Re: C99 clarification on pointers to aggregate object and its sub objects

On 01/10/2012 11:29 AM, Wojtek Lerch wrote:
On 10/01/2012 7:27 AM, James Kuyper wrote:
On 01/10/2012 01:59 AM, ty ty wrote:
Given that sizeof(int) == 4, and the declaration:
int a[3][4];
int *p =& a[0][0];
int (*q)[4] =&a [0];
int (*r)[3][4] =&a;
...

b) Is (char *)p:
>> i) a pointer to the first byte of the integer object a[0][0] or
>> ii) a pointer to the first byte of the 1 dimensional array a [0] or
>> iii) a pointer to the first byte of the 2 dimensional array a or
>> iv) all of the above ?
>
> iv.

Right; they're all the same byte. The tricky question is how many times
you can increment the pointer before the behaviour becomes undefined.

If you take the standard's words literally, p points to an object of
type int. The size of that object is four. Therefore adding five to
(char*)p is undefined behaviour.

More accurately, that object has the size sizeof(int), which could be
any positive integer, though 4 is one of most popular options nowadays.

Pointers to character type have a special exemption from those rules,
though it's tricky to prove that.. p points at a, a[0], and a[0][0]. All
of those are objects, and according to 6.2.6.1p4, any of those objects
can be copied into an array of unsigned char with a length equal to the
size of the object (for example, by using memcpy()). The resulting set
of bytes constitutes the object representation of that value. 6.5p7 says
that an object with a given type and value can be copied, either using
memcpy or as an array of character type, into memory with no declared
type, and as a result produce an object whose effective type and value
are the same as the source object.

The fact that, in both clauses, the standard gives memcpy() as an
example of how this can be done, rather than specifying that memcpy() is
the only way to do it, implies that this is not a magic feature of
memcpy().
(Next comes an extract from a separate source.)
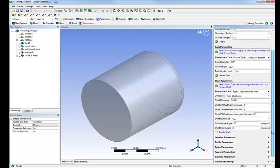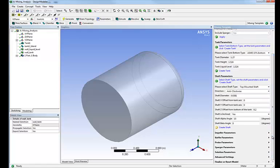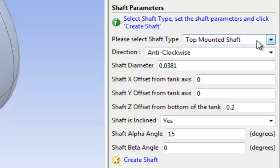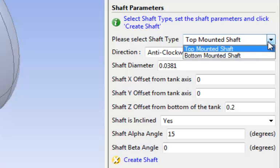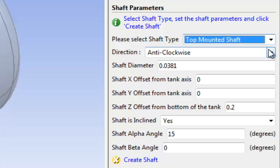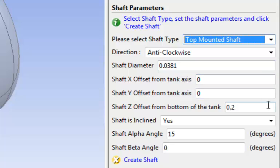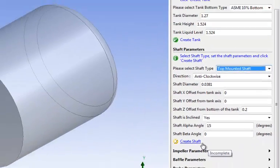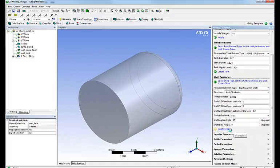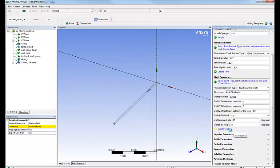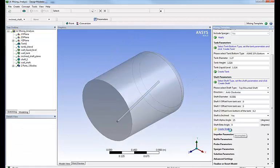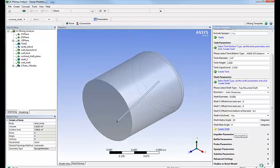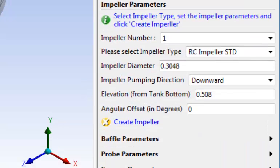The next thing we'll do is define the parameters and the characteristics of the shaft. It can be top or bottom mounted. In this case, it will be top mounted. We can choose its direction, dimension, location, orientation with the main axis of the tank, etc. Same thing. Once everything is filled in, we simply click on create shaft and as you can see in front of your eyes, the shaft is being created automatically.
A user-defined function with the same interface as memcpy(),
which implements the same behavior defined for memcpy(), but which has a
different name, could be used as well. That, in turn, implies that
entirety of any object's representation may be accessed by using through
a pointer to a character type

That's a very round-about way of reaching such a conclusion; I'd prefer
it if the standard said these things more directly. I consider such an
argument acceptable only because it confirms what we all "know" to be
true, despite the fact that the standard fails to say it more clearly.

c) Following (b), do any of these lead to undefined behaviour?
i) memset ((char*)p, 0, sizeof (*p));
ii) memset ((char*)p, 0, sizeof (*q));
iii) memset ((char*)p, 0, sizeof (*r));

memset()'s first parameter is of type void*, rendering the casts
unnecessary. With or without the casts, none of those function calls has
undefined behavior.

I don't think that's entirely clear. If adding five to (char*)p is
undefined behaviour, then ii and iii are both undefined, aren't they?

Disagreeing with you about the undefined behavior of
1+sizeof(int)+(char*)p necessarily implies that I disagree with you
about ii and iii.

d) Since an array in an expression is converted to a pointer to its
1st element, and&a[0][0] points to an object of integer size, are
these really valid:
i) memset (a, 0, sizeof (a));
ii) memset (&a[0][0], 0, sizeof (a));
or we can only do this:
iii) memset (&a, 0, sizeof (a));

All three have the same well-defined behavior, which makes 'i' the
preferred form.

Again, I don't think that's entirely clear from the words of the
standard, even though it probably is the intent.

All of your concerns would be more relevant if char* were replace with
int*, and memset() were replaced with a function like intset(), defined
below:

void intset(int *s, int c, size_t n)
{
while(n--)
*s++ = c;
}

intset(a[0], 0, 5) would indeed have undefined behavior (the 5 here is
one more than the length of the second dimension of 'a'; it has nothing
to do with the 5 that you were mentioning earlier).
.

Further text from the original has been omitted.